Omit all pictures. Quote only the lines from the one with "Close-up of broccoli-infused" through the end of the material below.

SOURCE MATERIAL
>>>

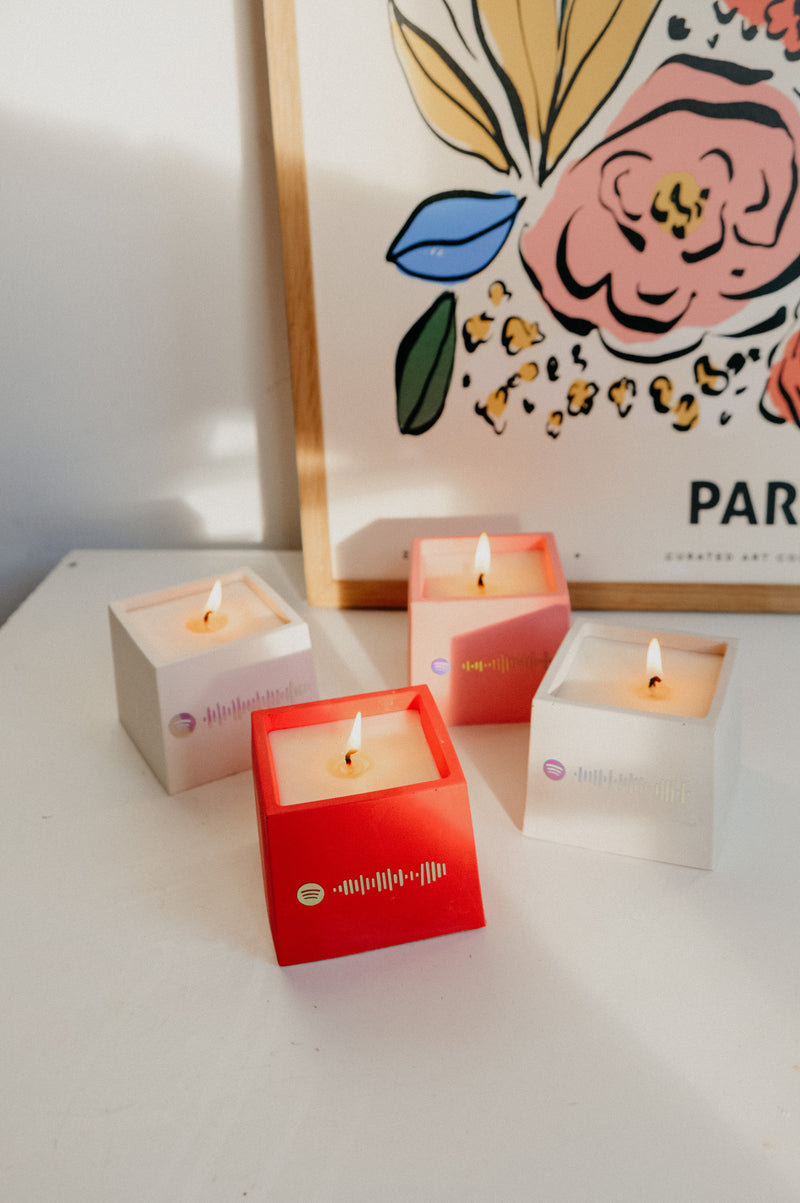 Spotify Personalised Handmade Vegan Soy Wax Candle - select your own colour and scent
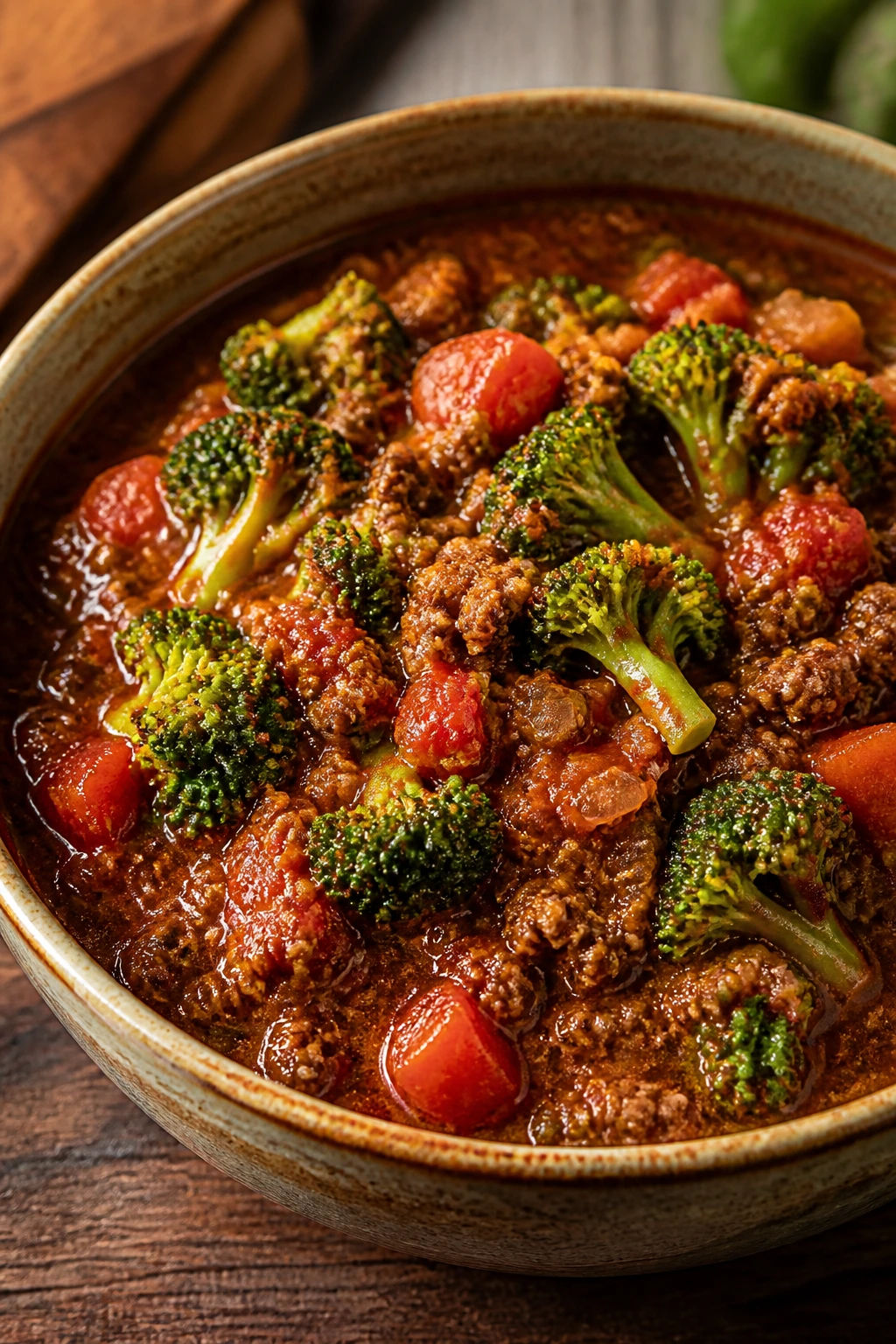 Close-up of broccoli-infused beef chili in a rustic bowl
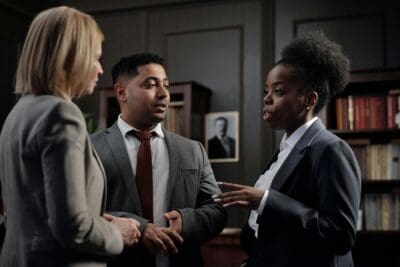 Three people in conversation in an interior, medium-lit office dressed in business clothing with serious expressions.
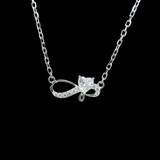 Silver Heart Shaped Zircon Necklace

<<<

YOUR SOLUTION
 Close-up of broccoli-infused beef chili in a rustic bowl
 Three people in conversation in an interior, medium-lit office dressed in business clothing with serious expressions.
 Silver Heart Shaped Zircon Necklace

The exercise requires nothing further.